**What the task requires**
Go through the following data and transcribe exactly the stretch of lines from the one holding "Lush Palm Leaf" to the one holding "Rare Pair of", both included.

**Records for processing**
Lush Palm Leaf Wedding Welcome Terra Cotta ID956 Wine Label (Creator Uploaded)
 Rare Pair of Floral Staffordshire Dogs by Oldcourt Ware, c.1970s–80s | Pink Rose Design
...
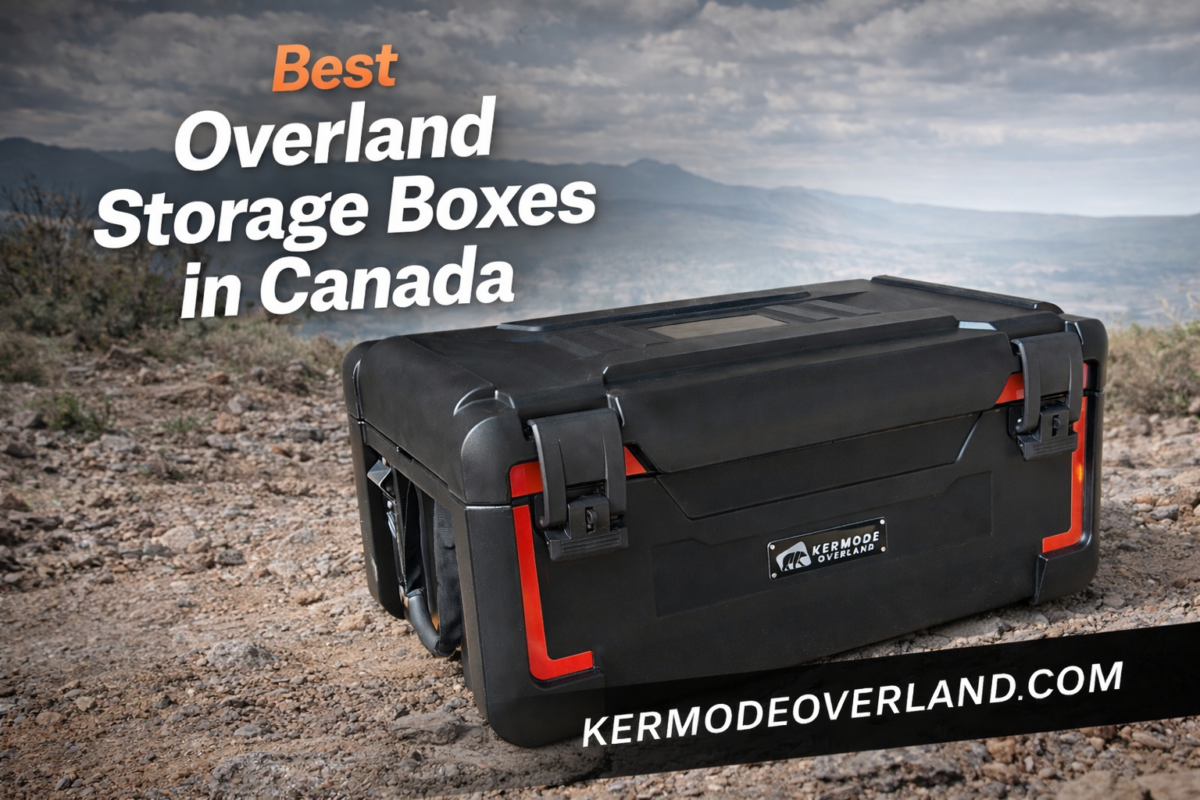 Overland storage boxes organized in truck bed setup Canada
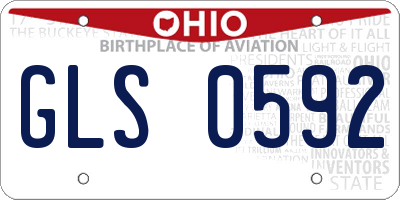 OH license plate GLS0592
--
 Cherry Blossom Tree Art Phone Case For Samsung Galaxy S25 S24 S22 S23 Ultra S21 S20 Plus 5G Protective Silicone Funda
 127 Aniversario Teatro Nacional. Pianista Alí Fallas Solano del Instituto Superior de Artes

**Answer section**
Lush Palm Leaf Wedding Welcome Terra Cotta ID956 Wine Label (Creator Uploaded)
 Rare Pair of Floral Staffordshire Dogs by Oldcourt Ware, c.1970s–80s | Pink Rose Design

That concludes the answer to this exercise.